I’m still interested in open notebook science, though my lack of posting might indicate otherwise. I’m going to continue trying out new methods of sharing bioinformatics research, and the start of a new research project gives me the chance to start afresh in these approaches. My main focus should be passive approaches that build into my work flow without too much effort, but also produce a meaningful summary of the research. Therefore in addition to a blog I think it is important to maintain a summary page of the research, otherwise it may be difficult for people to understand what the point of my research is when they first come across my blog. I think this is similar to the combined wiki and blog format used by Jean Claude Bradley. Having spent some time thinking about I how could implement this, I think a landing page should be readily auto generated from the results. In my head I’m thinking a Ruby on Rails type of approach, with a templating library such as HAML and a series of Rake tasks to regenerate the landing page with any new results, as well as send out a twitter update.

Finally I thought it might be interesting to adopt version numbers for the project, similar to those used in software development. The usual layout is something like 1.2.3. The last number would be used to track simple code edits. The second number would be used to show milestones in the overall project, for example each could correspond to a figure. The first number would then be the manuscript revision. Every time a new manuscript is prepared for submission, this could be updated, where the first manuscript preparation would have the number 1.0.0 Hopefully this type of numbering would make the project easier to track and interested parties could see if the research has been updated significantly since they last checked.

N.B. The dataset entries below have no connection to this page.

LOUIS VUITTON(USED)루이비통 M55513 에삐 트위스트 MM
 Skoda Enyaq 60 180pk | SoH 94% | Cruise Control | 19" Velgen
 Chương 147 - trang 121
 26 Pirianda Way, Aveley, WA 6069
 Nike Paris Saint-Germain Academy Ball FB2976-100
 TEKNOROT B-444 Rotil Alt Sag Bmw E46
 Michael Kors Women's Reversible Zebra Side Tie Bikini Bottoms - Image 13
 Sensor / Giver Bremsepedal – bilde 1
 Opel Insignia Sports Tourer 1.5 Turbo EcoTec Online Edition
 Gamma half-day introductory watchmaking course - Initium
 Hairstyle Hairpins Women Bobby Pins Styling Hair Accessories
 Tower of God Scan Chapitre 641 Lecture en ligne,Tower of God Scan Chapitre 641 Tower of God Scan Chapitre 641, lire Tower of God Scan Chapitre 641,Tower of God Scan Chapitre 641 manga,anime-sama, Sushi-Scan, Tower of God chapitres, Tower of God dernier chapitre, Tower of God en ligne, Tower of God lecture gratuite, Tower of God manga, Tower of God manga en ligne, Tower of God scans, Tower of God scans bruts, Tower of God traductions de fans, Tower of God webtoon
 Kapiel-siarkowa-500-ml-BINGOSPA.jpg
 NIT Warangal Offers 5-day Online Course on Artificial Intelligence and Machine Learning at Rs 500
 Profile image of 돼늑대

In summary, open notebook science has not really had a large positive effect on my research. I think that this is mainly because using a blog alone is not an effective method of communicating scientific progress, because it requires substantial effort on my part to update, and second tracking the current state of the research can be difficult. However, I still believe that the principles of open notebook science can be beneficial to my research. In the next couple of months I’ll try some new methods to see what does work.